Published March 18, 2026

5 Metrics Every GM Should Track Monthly

Most private club GMs report to their board with financials: revenue, expenses, capital reserves. These are lagging indicators. By the time revenue drops, you've already lost members. Here are the five leading indicators that predict club health 3-6 months ahead of financial statements.

1. Member Retention Rate

Formula: (Members at end of period - New members added) / Members at start of period × 100

Don't confuse this with "net member count." A club that loses 40 members and gains 35 has a 92% retention rate, not 99%. The acquisition masks the churn — and new members cost 5-7x more than retained ones.
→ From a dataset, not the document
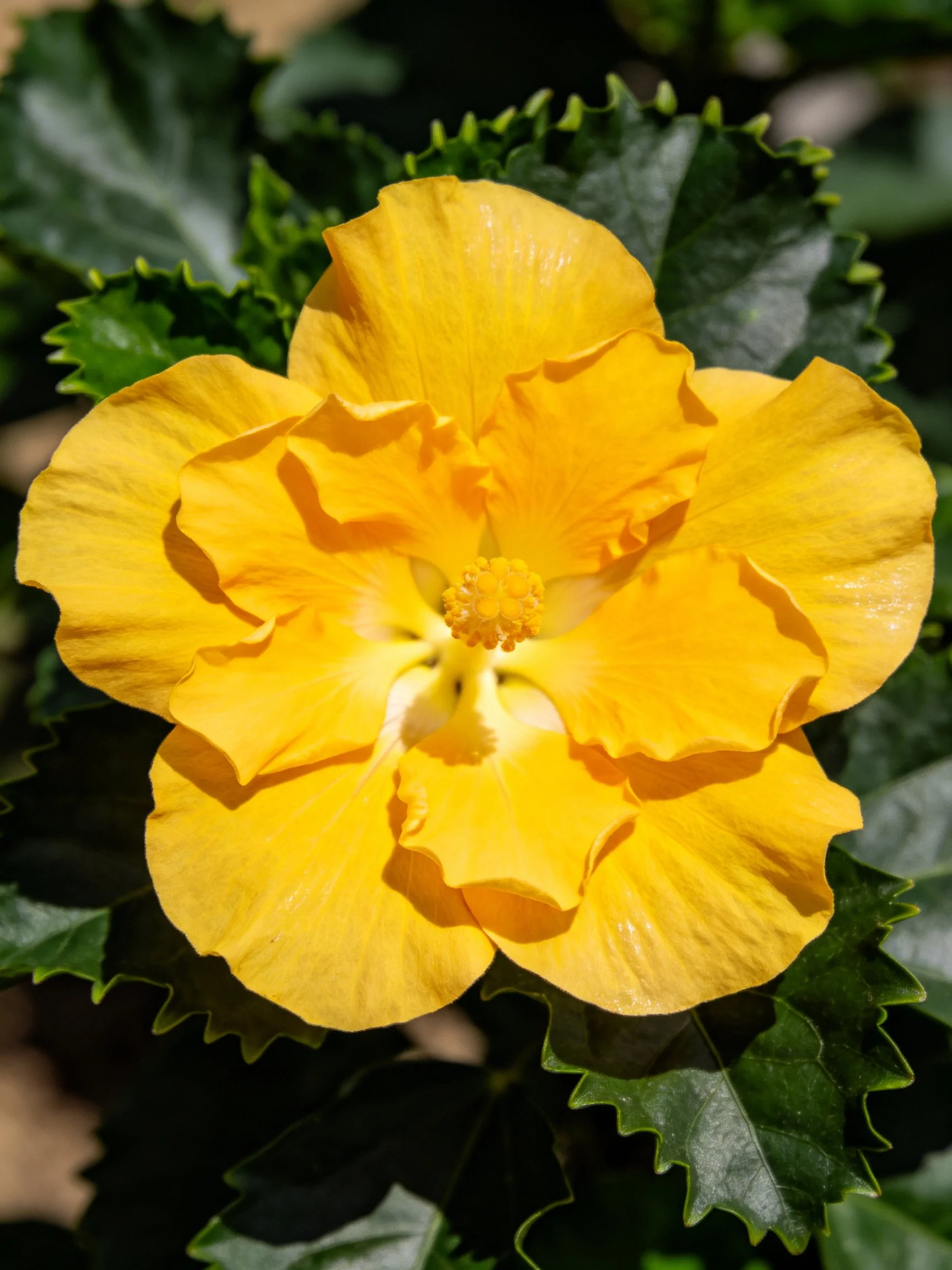 Vibrant yellow hibiscus flower with dark green foliage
Benchmark: Top quartile clubs maintain 95%+ annual retention. Below 90% signals structural problems.

2. Engagement Frequency Index

Formula: Total member visits / Active members / Days in period × 30

This normalizes visit data to a monthly rate regardless of how you measure "visits" (swipes, charges, reservations). Track the trend, not the absolute number — your club's optimal frequency is unique to your amenity mix and membership demographics.
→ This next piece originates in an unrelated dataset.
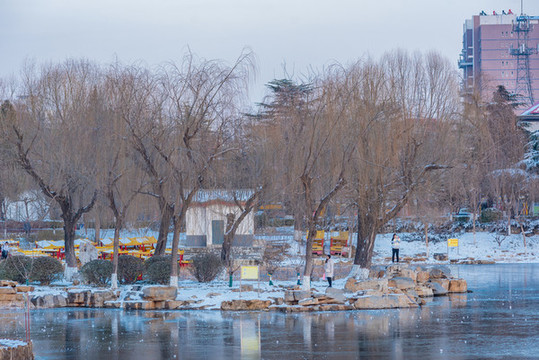 冬天下完雪的城市公園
Benchmark: 5-8 visits per member per month for full-service clubs. Golf-only clubs: 3-5 rounds per month during season.

3. F&B Utilization Rate

Formula: Members with at least one dining charge / Total active members × 100

Dining is the social heartbeat of a private club. Members who dine are 2.8x less likely to resign than those who don't. When F&B utilization drops below 40%, the club is becoming a facility, not a community.

Benchmark: Top quartile: 65%+. Median: 45%. Danger zone: below 35%.

4. Net Promoter Score (NPS)

Formula: % Promoters (9-10 rating) - % Detractors (0-6 rating)

Survey quarterly, not annually. Annual surveys catch problems 9 months too late. Keep it to 3 questions maximum — response rates above 60% matter more than question depth.

Benchmark: Private clubs should target NPS of 40+. Below 20 means your best members are not recommending the club to their peers — and in private clubs, word-of-mouth is everything.

5. Revenue Per Member (RPM)

Formula: (Dues + F&B + Ancillary revenue) / Active members

RPM tells you whether your members are using the club, not just paying for it. Declining RPM with stable membership means engagement is dropping — a leading indicator that retention will follow within 6-12 months.

Benchmark: Varies dramatically by club type. What matters is the trend: 5%+ year-over-year decline is a red flag.

How to Present These to Your Board

Don't dump five charts on a slide. Lead with the story:

  1. Open with retention rate — it's the number that quantifies the problem
  2. Follow with engagement metrics (frequency + F&B) — they explain WHY retention is where it is
  3. Close with NPS and RPM — they predict where retention is GOING

Each metric should include: current value, 3-month trend, benchmark comparison, and one recommended action.